Even worse is what they do to associates. Since Finders are naturally personable and have the best tickets and expense budgets, they can weave a spell over unwitting associates who get swept up in the wooing process. They confuse Finder’s salesmanship with his being a "good guy." Then the associate’s friend calls because his startup is being acquired by Google and can Associate do the deal? Of course! But associates can’t open new client accounts – only partners can. Finder would be more than happy to help, of course. Associate might even get a nice little kicker to her bonus that year. "Trust me," Finder says, "when you make partner (and oh boy will this look good for you!), we’ll give origination credit to you."
Then one of two things happens: client blows up, in which case there’s no way Finder is giving up credit; or client ditches the firm because the bills are so high from all the extra cooks in the kitchen (or three things – Associate doesn’t make partner and it’s all irrelevant).

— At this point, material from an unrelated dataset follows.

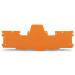  PLAQUE DE SEPARATION / ORANGE 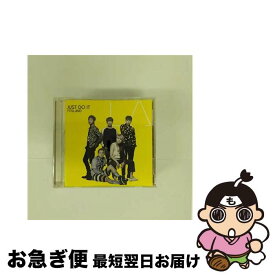 【中古】 JUST　DO　IT/CDシングル（12cm）/WPCL-12427 / FTISLAND / ワーナーミュージック・ジャパン [CD]【ネコポス発送】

Finders also tend to have responsibility for a significant part of the administrative work for the firm (because how can any self-respecting rainmaker not be the head of his practice area/on the management committee?). As with client work, that tends to get pushed down, although Finders do tend to show up at events.
The true Finder can be recognized by the inverse correlation between his billable hours and compensation. It’s not his job to do the work, it’s his job to bring it in.
Made-up Latin-sounding classification: Balaenoptera Avocatus
Billable hours: No more than 800.
Compensation: Top 5% of firm.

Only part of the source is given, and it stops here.